Jenkins also took aim at insurers for failing to keep their contractors in check during rebuilds - a thornier problem, and one that sits right in Ambrose's lane. Trott didn't shy away from it. Ambrose runs a network of about 4,000 independent contractors nationally, and Trott said the company has built an internal function whose sole job is to vet who comes in and who gets shown the door. "If we find trades that are not doing the right thing, they are exited and will no longer represent our brand," he said.

He was blunt about where the line sits: "We've got a zero tolerance when it comes to occupational health and safety issues." But he was equally candid that not every player in the market operates with the same rigour - "there'll be others that perhaps don't have the same rigour" - a tacit acknowledgement that Jenkins' concerns about contractor oversight aren't unfounded.

The pressure intensifies during catastrophes, when capacity becomes king and quality control gets tested. Trott pointed to a long-standing industry pattern: "Our industry has historically had examples of where you've had fly-by-nighters come in from different states who perhaps don't have the right licensing." The answer, he argued, isn't auditing every job - it's auditing enough of them. "You've got to do enough that you can look for systemic issues, and that's what we've got in place."

Talking to customers like adults

If contractor oversight is the structural issue, communication is the human one - and Jenkins flagged it as a perennial driver of complaints. Trott agreed, and said Ambrose tackles it head-on with a customer welcome pack issued the moment a claim lands. This pdf booklet walks insureds through stakeholders, obligations, timelines and the questions many consumers don't know enough about to ask.

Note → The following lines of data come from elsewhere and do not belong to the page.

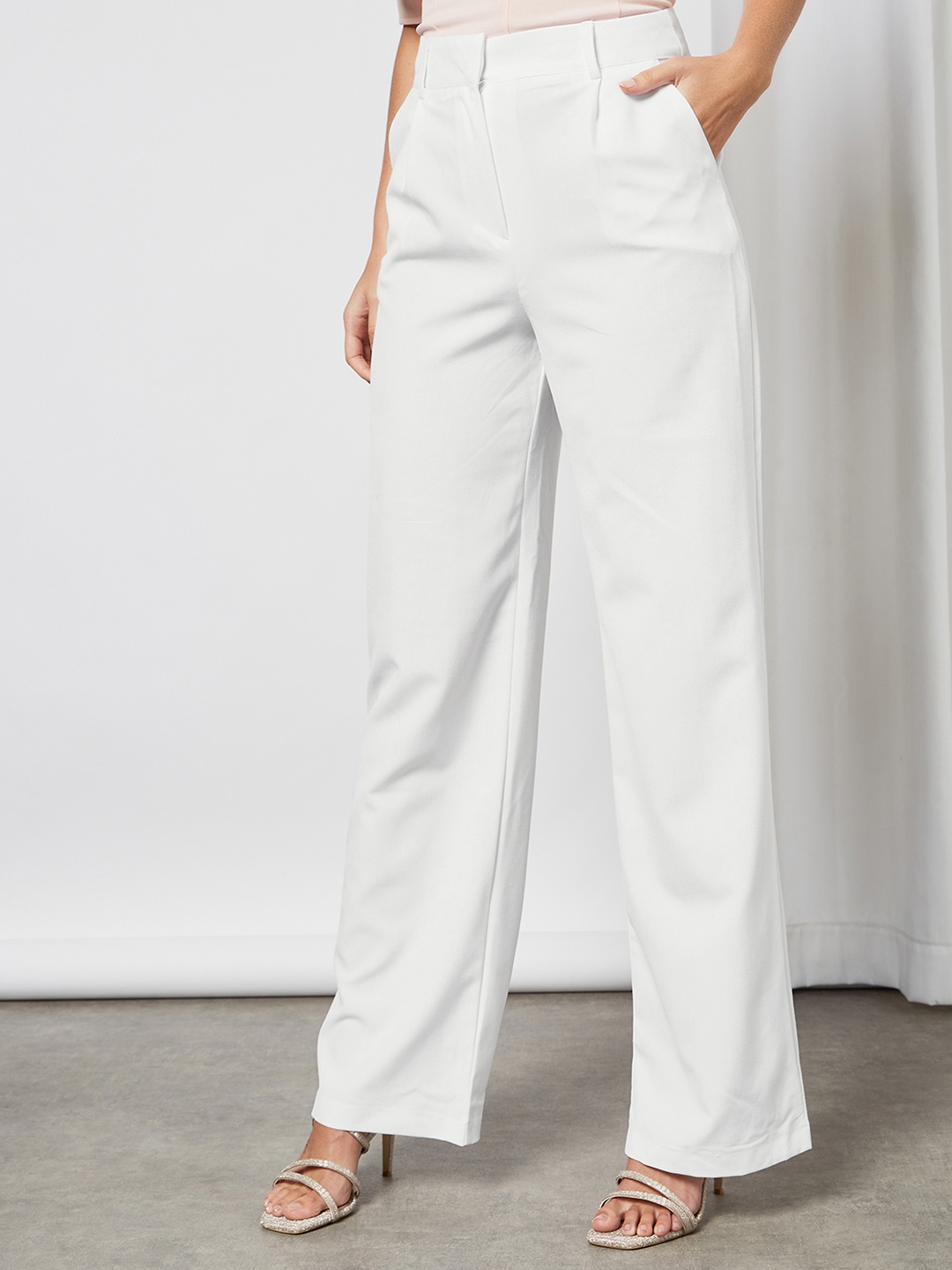 

Femme Luxe Women White Solid Pleated Trousers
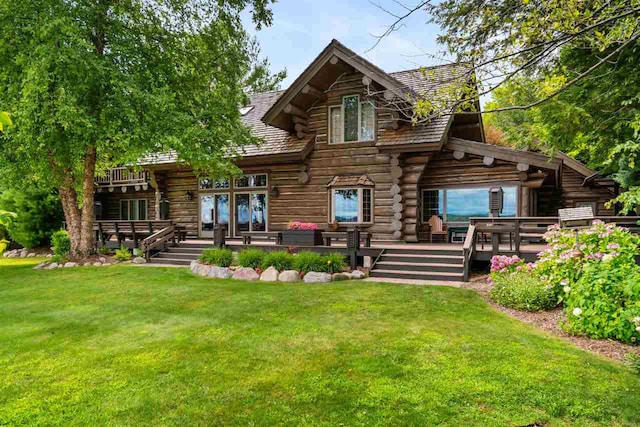 rear view of property featuring a yard and a deck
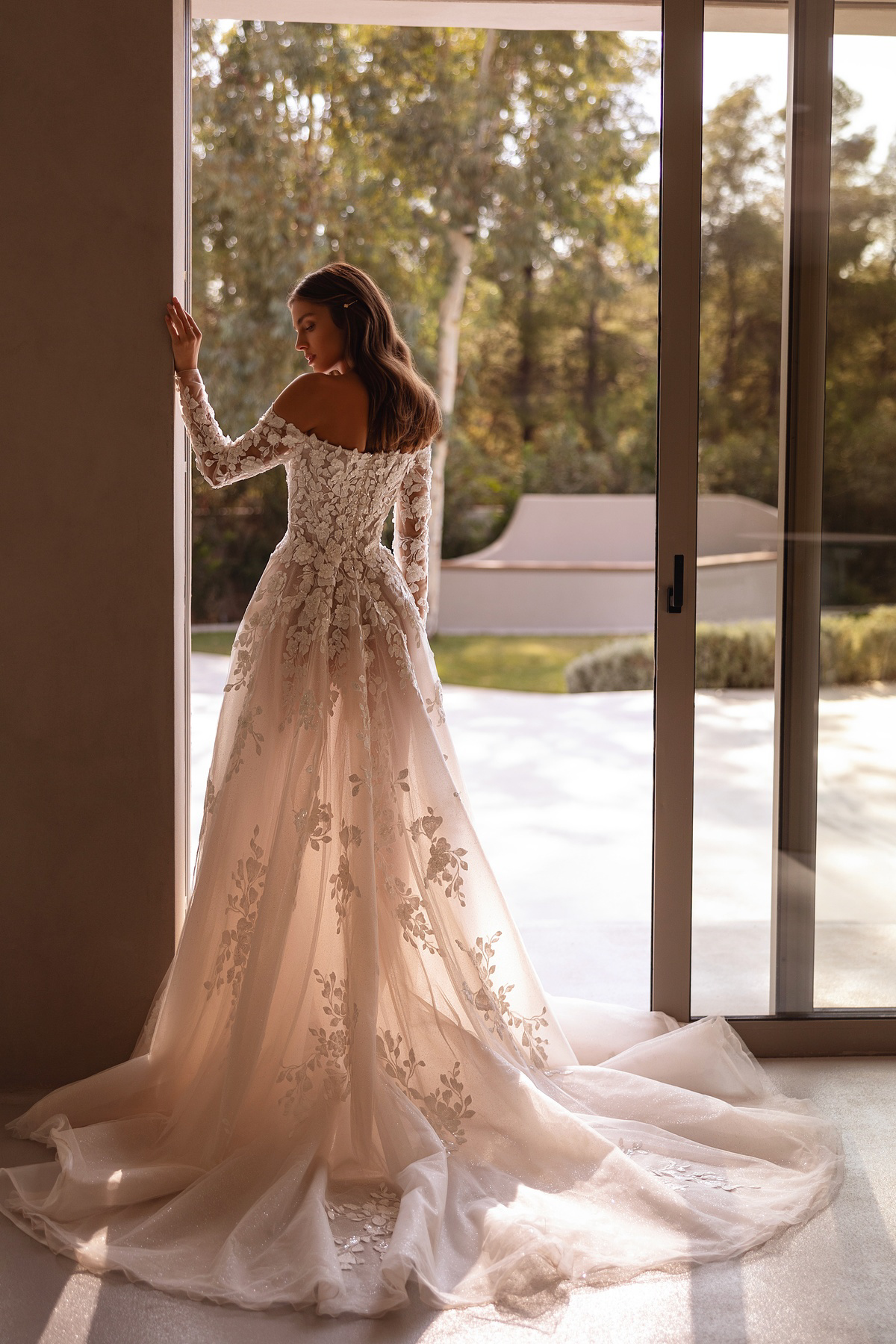 Off-shoulder trouwjurk 1502 Demetrios met lange kanten mouwen. Achteraanzicht van de A-lijn jurk met subtiele glitters.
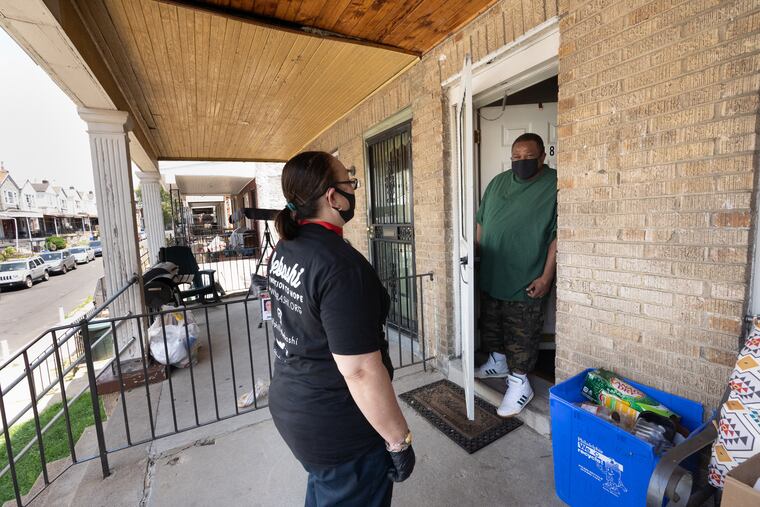 Maria Lozada, left, a treatment adherence specialist at Bebashi, is shown here with one of the clients she visits regularly, Darnell Starr, right, in Philadelphia, July 30, 2020.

His critique of the broader industry was sharp. "Most people, when they make an insurance claim, it's the first time they've ever had a claim," he said. "As an industry, I think we've been pretty ordinary at, right from that moment, explaining this is what is likely to happen." The welcome pack, he said, "keeps everyone on an even keel because we're answering the questions before they come up."

When it comes to the delays that fuel so many complaints, Trott's approach is pragmatic: ask the customer how they want to hear from you. Some generations won't pick up the phone; others won't open an email. "We give them a choice, and from the moment that a customer makes a claim on our system, we flag the communication preference." From there, contact is locked in - by code and by calendar. "The General Insurance Code of Practice means that we have an obligation to do that," Trott noted, adding that Ambrose dedicates every Wednesday to stakeholder updates so insureds hear from a supervisor at least weekly.

For brokers fielding the fallout when claims go sideways, Trott's playbook points to where the pressure is likely to land and what can be done by all stakeholders in the claims process to help prevent it.